De kwestie Erdogan

Dan Asfar 13 mrt 2017

Als gevolg van het uitzetten van minister van Familiezaken, Betul Sayan Kaya, sprak president Erdogan van een ‘bananenrepubliek’ in Nederland. Zijn collega, minister van Buitenlandse Zaken, Mevlüt Çavusoglu, beschreef Nederland als ‘de hoofdstad van het fascisme’. Deze overtuigingen lijken te worden bemoedigd door de Turkse media: krantenkoppen hebben het over ‘Racistische honden’, ‘Nazi-honden’ en ‘Barbarij’. Hoe kan het dat zulke overtuigingen publiekelijk worden geaccepteerd door de Turken, terwijl een Nederlandse leider statusverlies zou ondervinden door soortgelijke uitlatingen? En waarom is het zo dat dergelijke krantenkoppen in Nederland ondenkbaar zijn?

Laten we even teruggaan naar de oertijd. In ons evolutionair verleden—die gekarakteriseerd wordt door aanhoudende conflicten tussen groepen—werden we niet beschermd door een institutie, en was overleven min of meer een functie van de fysieke kracht van de groepsleden. In zo een omgeving was het adaptief om een ‘krijgersmentaliteit’ te hebben, waardoor je anderen laat zien dat ze geen flauw geintje met je hoeven uit te halen. Ingeval je toch iets wordt aangedaan, verkreeg je reputatie door wraakacties.
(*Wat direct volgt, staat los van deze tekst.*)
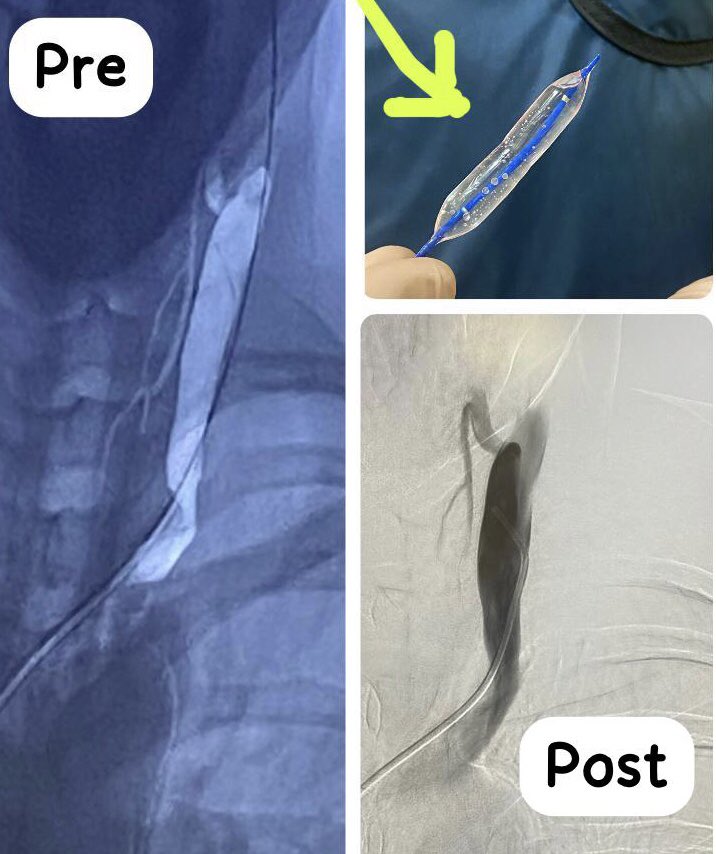 Paolo Zamboni tweet media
Een dergelijke mentaliteit wordt in de sociale wetenschappen aangeduid als eercultuur. Terwijl alle grootschalige beschavingen werden geïdentificeerd met een eercultuur, vinden we deze hedendaags in staten met zwakke instituties waar onzekerheid heerst. In zulke gemeenschappen is het vertonen van dominantie en wraak functioneel.

In Turkije—waar tevens een eercultuur heerst—zou Ergodan reputatieverlies ondervinden als hij niet op een wrede manier zou reageren op de conflictsituatie van afgelopen weekend, waarin de Turken zich benadeeld voelden. Zijn wraakzuchtige houding, daarentegen, wakkert de oerinstincten. Turken steunen dan ook graag zijn eervolle en wraakzuchtige karakter. Aan een lieve Klaver of een glimlachende Roemer hebben ze niet zoveel. Althans, zo laat het onbewuste oerbrein ze doen geloven.

In tegenstelling tot eercultuur-staten, verliest men reputatie in de moderne Westerse wereld door dominant-gedreven leiderschap, en krijgt men status door zelfcontrole. Dit verklaart dan ook onze neerbuigende houding over leiders als Erdogan. Het gegeven dat extreemrechtse (dominante) politici prominenter worden in het Westen, heeft dan ook te maken met een verhoogd gevoel van onzekerheid.

Laten we ons bewust zijn van het oerbrein dat ons misleid, en kiezen voor vrede.